Racing WA
H Campbell
Hall of fameThoroughbred

2022 Hall of Fame Inductee - Harold William 'Jock' Campbell

30 June 2022

Harold “call me Jock” Campbell was neither from a racing family nor encouraged in the pursuit - but this did not keep him from a long and successful turf career.

Born in 1901, he was not big as a child and, at 15, he convinced renowned owner Paddy Connolly – who had won the 1905 Melbourne Cup with Blue Spec – to give him a chance as an apprentice jockey.

It was not to be – Campbell grew quickly, forcing him to find new options. He settled on shearing in the state’s north-west. He was good at it but, by the age of 20, his attention again wandered back to horse racing, now with a view to being a trainer.

A career that would span 60 years and know much glory began small. Campbell worked his way around bush tracks, learning his craft, and before long he’d acquired two very smart gallopers in

Sheila Green and Westralia, who between them won 18 races from just 30 outings.

Still in his mid-20s, Campbell decided to tackle the big smoke and with a thoroughbred called Eudamatch, in which he owned a half share, he won a race at Helena Vale. He would win five more with Eudamatch and draw some light to himself. Soon, he was training several more horses and the winners began to flow.

Renewing his ties with Paddy Connolly, Campbell landed a string of betting coups, in particular with a galloper named Escalus, which helped fund Campbell’s growth in the sport.

Relieving the bagmen of their hard-earned was to become a hallmark of Campbell’s career.

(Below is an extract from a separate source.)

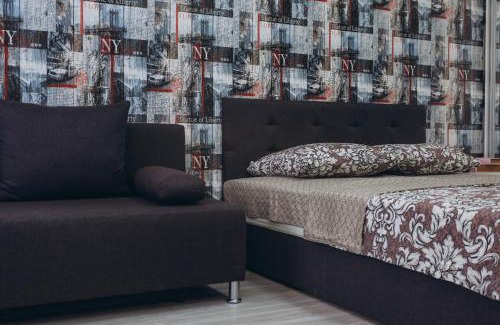 Zarichnyi District Apartment | Apart-hotel I. Sirko New Building 8 floor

In 1928, Campbell prepared the WA Two-Year-Old of the Year Lord Beggar.

The gifted horseman was still just 27 and the youngest trainer in the state at the time but his status as a new star was now fixed in racing’s firmament.

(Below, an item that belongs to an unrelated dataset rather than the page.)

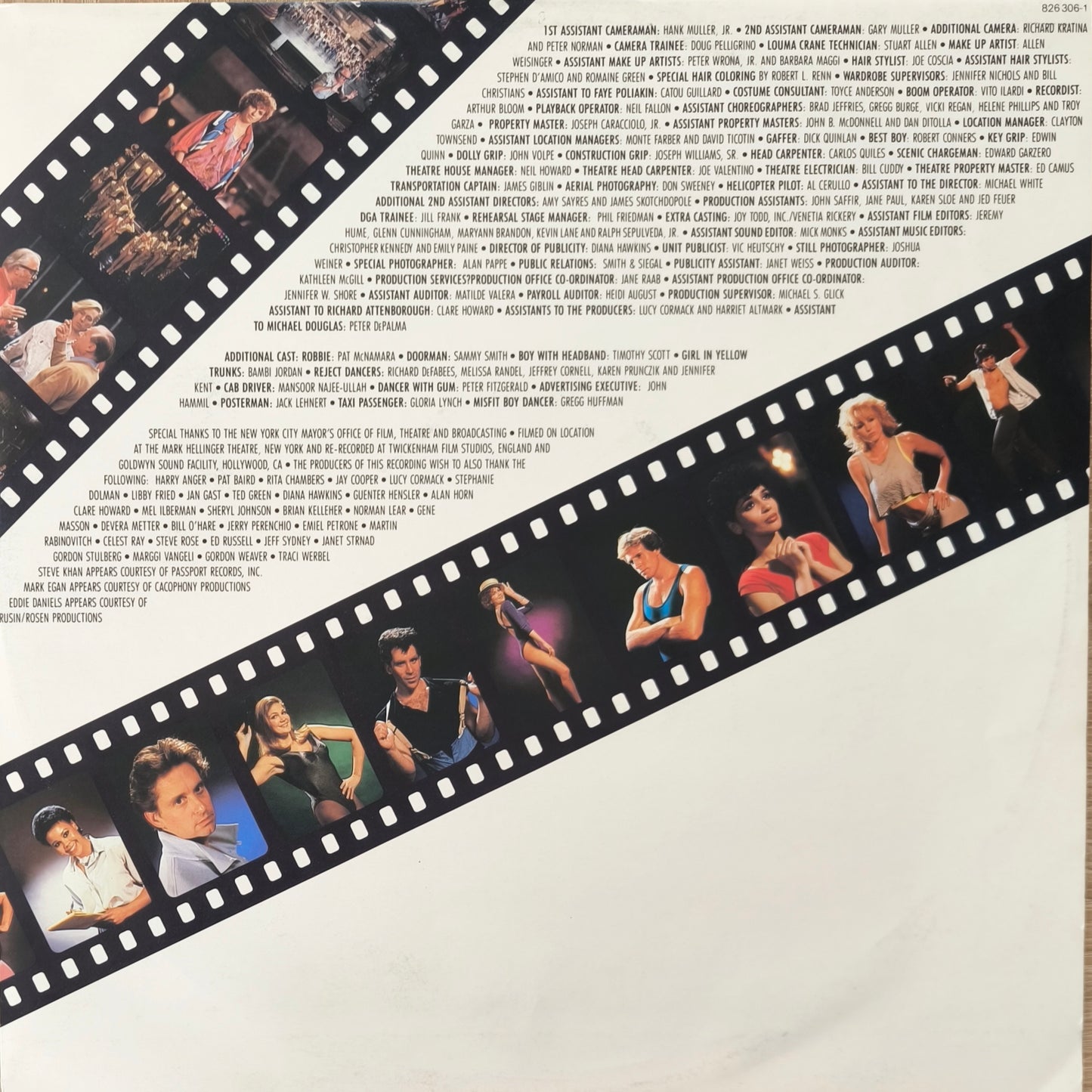 CHORUS LINE - Bande Originale du film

Over the next six years, Campbell would finish second in the WA Premiership three times, before attaining the first of seven in 1935 and his second during World War Two, in 1941. After that,

Campbell joined the war effort, becoming part of the army’s auxiliary horse transport unit, then four more premierships came in the 1950s and the seventh and last in 1963.

Back in 1930, Campbell had purchased stables at Ascot and for 51 years would train from that establishment, until his retirement in 1981.

For that half-century, Campbell’s leading owner was Furza Brady, a former jockey and bookmaker, and for whom he would win a WA Derby and a Sires Produce Stakes with Nicopolis, and a Perth Cup with Kingscote.

That victory, in 1948, saw Campbell and Brady rip some £18,000 from bookies, a result almost unheard of in size. The cost of an average Australian home was around £2000 at the time, so the

Kingscote plunge was worth between $1.5million and $2million in contemporary terms. Campbell won a second Perth Cup in 1969 with redoubtable stayer, Jenark, who ran a race record with top jockey, Frank Treen, aboard. Jenark also won a Kalgoorlie Cup and an Anniversary Cup for Campbell.

Campbell’s one major disruption to his career came in 1957, when stewards disqualified him for a year following the WA Derby win of Nhargo.

To quote Campbell: “The stewards said it was a form reversal, but there was a lot of jealousy involved in our success. There was no way Nhargo was pulled up with nine stone on his back the previous Saturday.”

Aside from the Nhargo debacle, Campbell won WA Derbies with Nicopolis, Little Empire and Pantheist. He won the Railway Stakes with Big Bob and the brilliant mare, Millefleurs, and complementing his Perth Cup wins with Kingscote and Jenark he also ran second in three others, beaten less than a head in all of them.

Campbell also prepped the winners of six Champion Breeders Stakes, three Easter Cups, two Sires Produce Stakes, a WA St Leger and a Karrakatta Plate.

Campbell’s 1969 Champion Fillies Stakes winner, Polo Jane, later birthed Perth and Brisbane Cups winner, Muros.

One last testament to Jock Campbell’s impact and longevity in racing came in 1954. He trained a winning double at Ascot with Boab and All Stakes. He had also trained both the dam and the granddam of both thoroughbreds.

Jock Campbell died in 1988, aged 87, but alive forever in the WA Racing Industry’s Hall of Fame.